Despite those striking achievements, 2018 fell short for us in two categories: total shareholder return and the message you sent to us at last year’s annual shareholders’ meeting regarding say-on-pay.

We were disappointed by the fact that, for our November 30, 2018 fiscal year, our total shareholder return was -15.8%. The entire financial services industry was similarly impacted and most value and mid-cap stocks also declined precipitously, but that is no consolation. Nonetheless, we have confidence that, in the longer run, the market is rational, and we believe that our total shareholder return ultimately will reflect the progress that our management has driven over the past few years.

We were also disappointed by the fact that, although our advisory say-on-pay vote was passed by our shareholders, that consent was not the result of a strong majority.
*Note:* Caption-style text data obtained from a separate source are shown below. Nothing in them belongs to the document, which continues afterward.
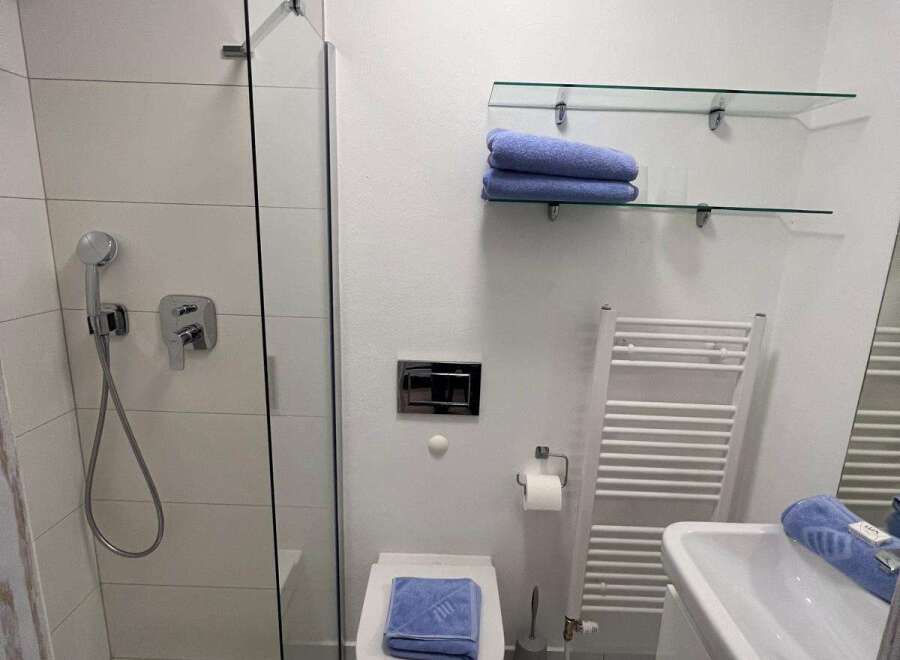Step into a modern bathroom oasis! This space features a sleek glass shower enclosure, perfect for a refreshing start to your day.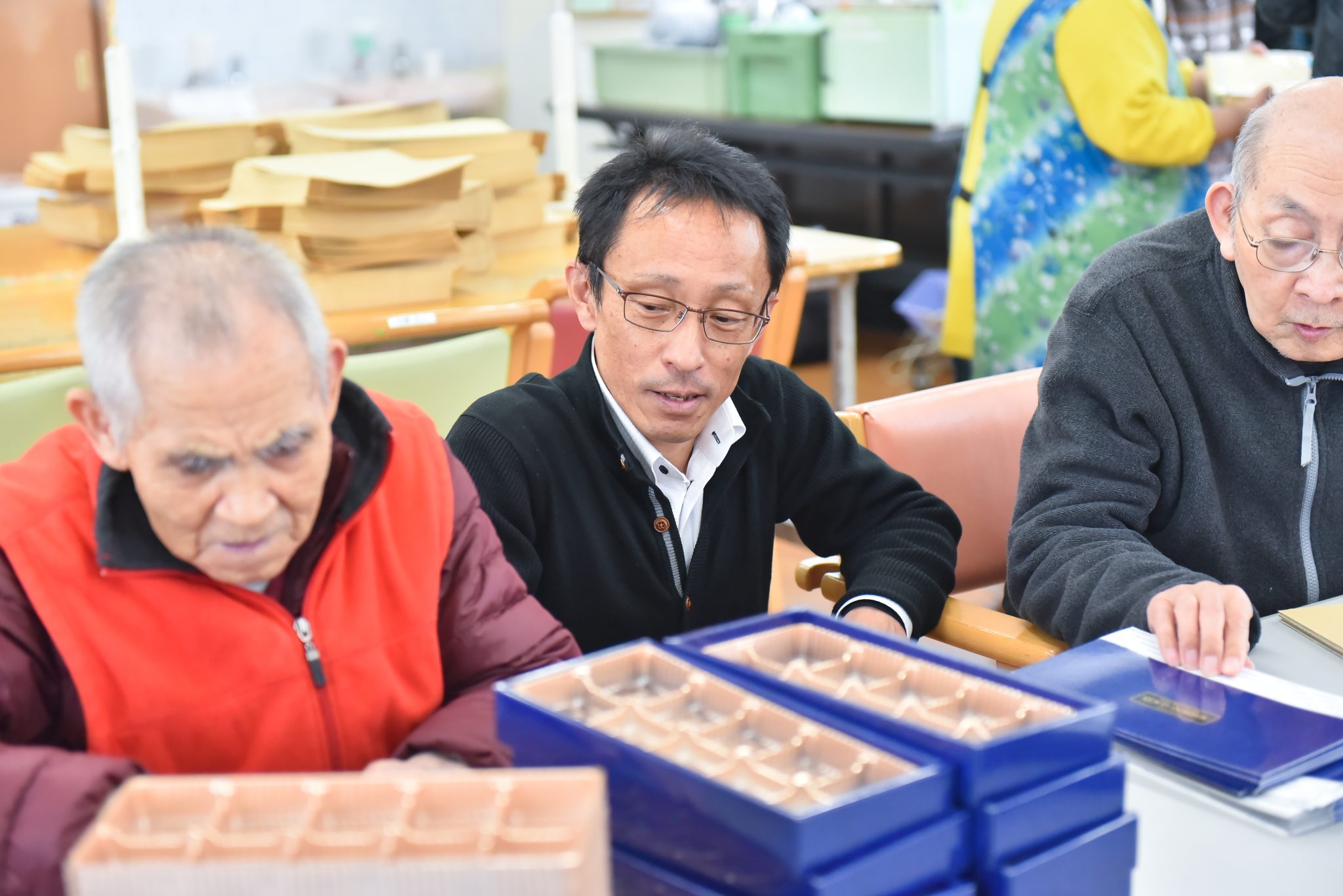入居者と職員が一緒に工芸作業を行っている様子。テーブルに材料が置かれている。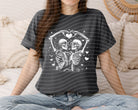 Black and white skeleton graphic tee by Anchored Grace Boutique, casual short-sleeve shirt with spooky skull design.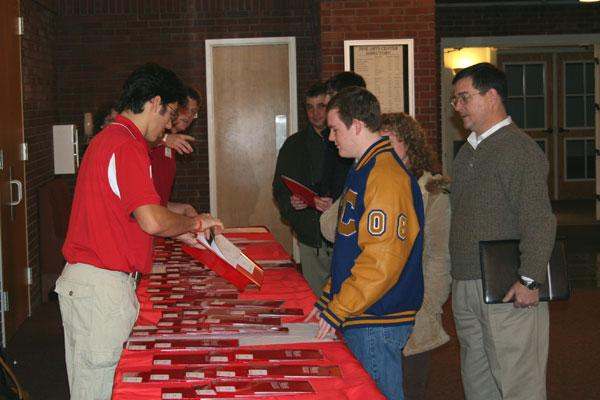 a group of people standing around a table with red folders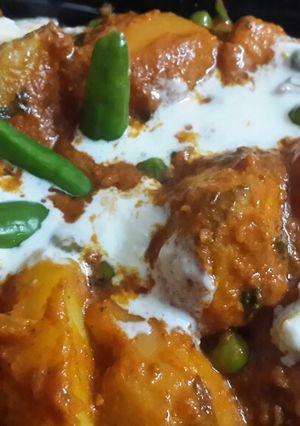 A picture of Kashmiri Dum Aloo with green peas.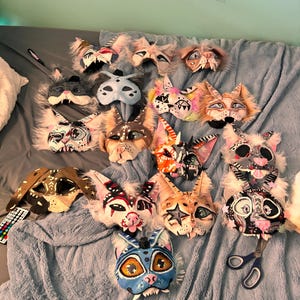 Puede incluir: Una colección de máscaras de gato hechas a mano con diversos diseños y colores, incluyendo blanco, negro, marrón y azul. Algunas máscaras presentan detalles de piel y detalles pintados, con una variedad de expresiones y estilos.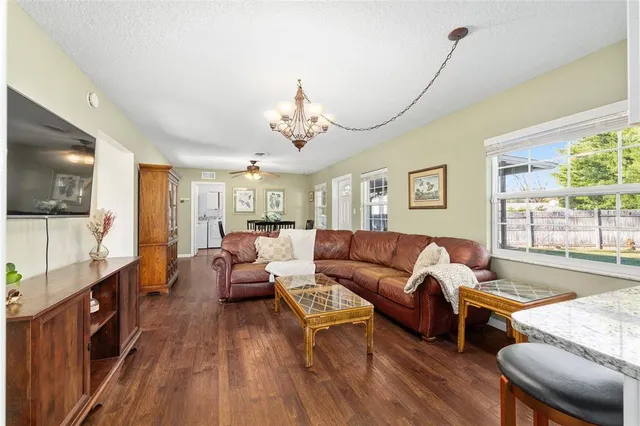 a living room with fireplace furniture and a flat screen tv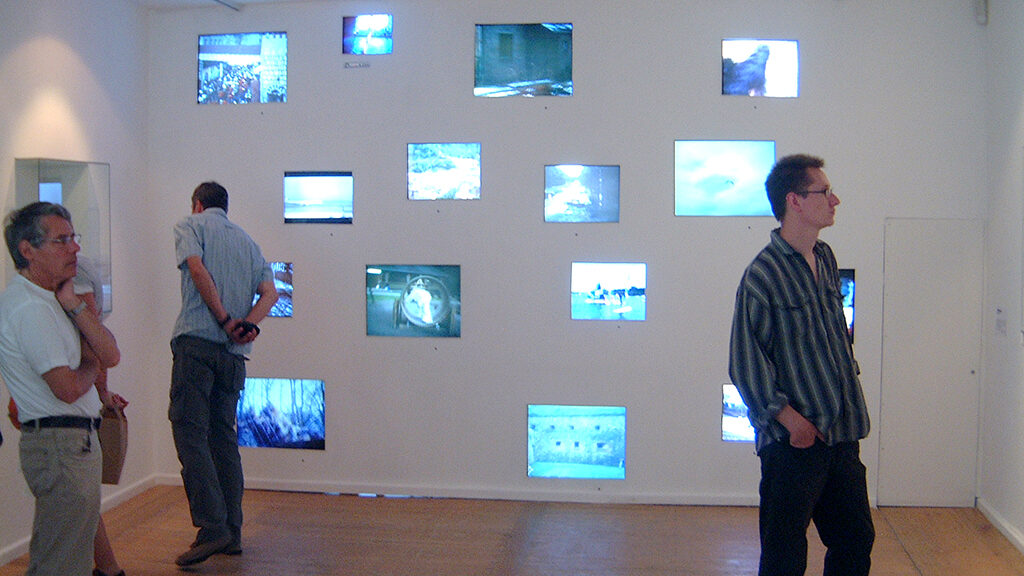 three men looking at the displayed televisions in the walls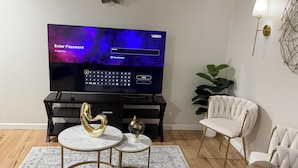 Una sala de estar moderna con un televisor de pantalla plana grande mostrando una pantalla de inicio, un sofá blanco, un sillón blanco, una pequeña mesa redonda con un adorno dorado y una alfombra estampada.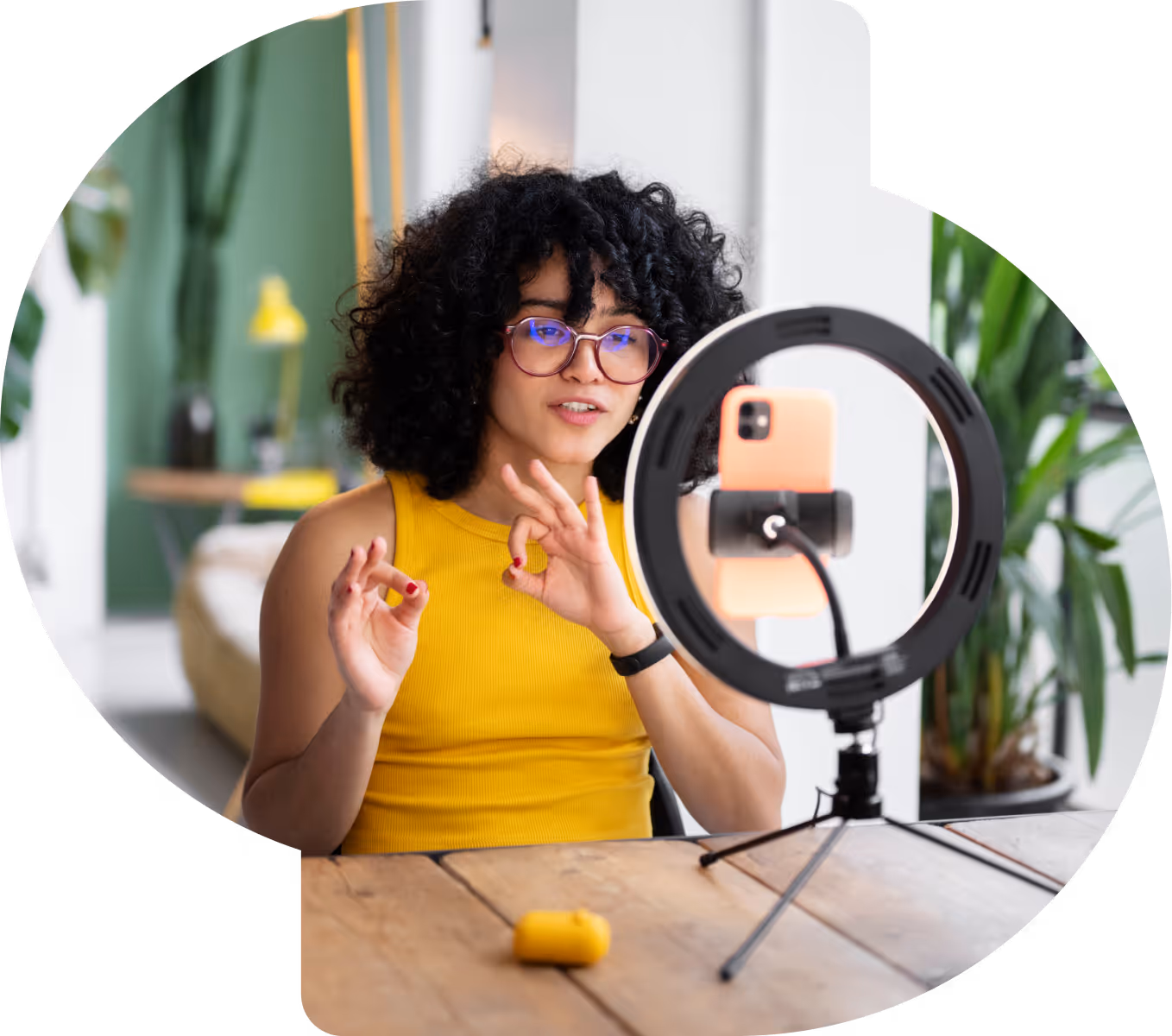 Woman filming TikTok with ring light set up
We transformed that disappointment into immediate action, redoubling our engagement with our fellow shareholders and the proxy advisory firms and, most importantly, making meaningful amendments to the executive compensation program we adopted in January 2018, all of which directly responded to the feedback we received from you, our fellow shareholders.

Your Vote Matters

Please accept our most sincere gratitude for your investment and partnership with us. We genuinely hope we will see you at our annual shareholders’ meeting. If you are not able to attend in person, we ask you to vote by proxy in support of our recommendations. The proxy materials contain necessary information about the matters on which we are asking you to vote. The Jefferies team is open to addressing any questions regarding these matters you may have. Thank you again for your support.

Sincerely,

The Jefferies Board of Directors


“We have confidence that . . . the market is rational, and we believe that our total shareholder return ultimately will reflect the progress that our management has driven over the past few years.”

We made “meaningful amendments to the executive compensation program . . . all of which directly responded to the feedback we received from you, our fellow shareholders.”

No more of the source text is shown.